So many measures, all tending to the same end, constituted no less change in the English constitution than was effected by the Republicans when they beheaded Charles the First, and proclaimed the Commonwealth and had

Charles the Second lived, or had James not ob. stinately persevered in his attachment to Popery, there can be little doubt that 1681 would now be looked upon as the era of a revolution which established in England the unlimited monarchy of the Stuarts.

These considerations are sufficient it appears to me, to justify the alarm which Lord Russell felt for his country, and his wish to form a party against the dangerous pretensions of the royal brothers. But, in all cases of resistance, not only must the justice of the cause be considered, but also the probability of success.

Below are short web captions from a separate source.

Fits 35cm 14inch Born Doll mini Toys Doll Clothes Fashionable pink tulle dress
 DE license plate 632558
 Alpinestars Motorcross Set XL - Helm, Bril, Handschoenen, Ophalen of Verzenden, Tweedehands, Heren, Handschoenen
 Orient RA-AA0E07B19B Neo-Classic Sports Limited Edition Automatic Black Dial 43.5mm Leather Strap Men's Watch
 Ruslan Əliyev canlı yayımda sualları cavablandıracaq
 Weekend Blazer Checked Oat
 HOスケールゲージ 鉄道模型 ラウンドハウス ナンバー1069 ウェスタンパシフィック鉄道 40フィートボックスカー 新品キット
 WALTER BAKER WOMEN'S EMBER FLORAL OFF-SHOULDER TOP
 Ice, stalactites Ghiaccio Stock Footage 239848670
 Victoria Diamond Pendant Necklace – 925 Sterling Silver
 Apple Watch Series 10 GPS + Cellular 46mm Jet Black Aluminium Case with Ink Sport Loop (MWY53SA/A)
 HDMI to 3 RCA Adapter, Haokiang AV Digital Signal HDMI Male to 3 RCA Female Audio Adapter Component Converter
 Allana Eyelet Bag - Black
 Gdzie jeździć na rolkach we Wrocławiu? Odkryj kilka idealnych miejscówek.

Prudence is, in this instance more perhaps than in any other, a moral duty; for, by a mistake in calculation, the lives of thousands may be hazarded, and the chains of the people more completely rivetted. The magnitude of such a crime, and the inviting form under which it appears to the most honourable minds, are the only excuse for the severity of those laws which condemn him who is guilty of it to forfeit, not only his life, but the honours and property which have descended to his family.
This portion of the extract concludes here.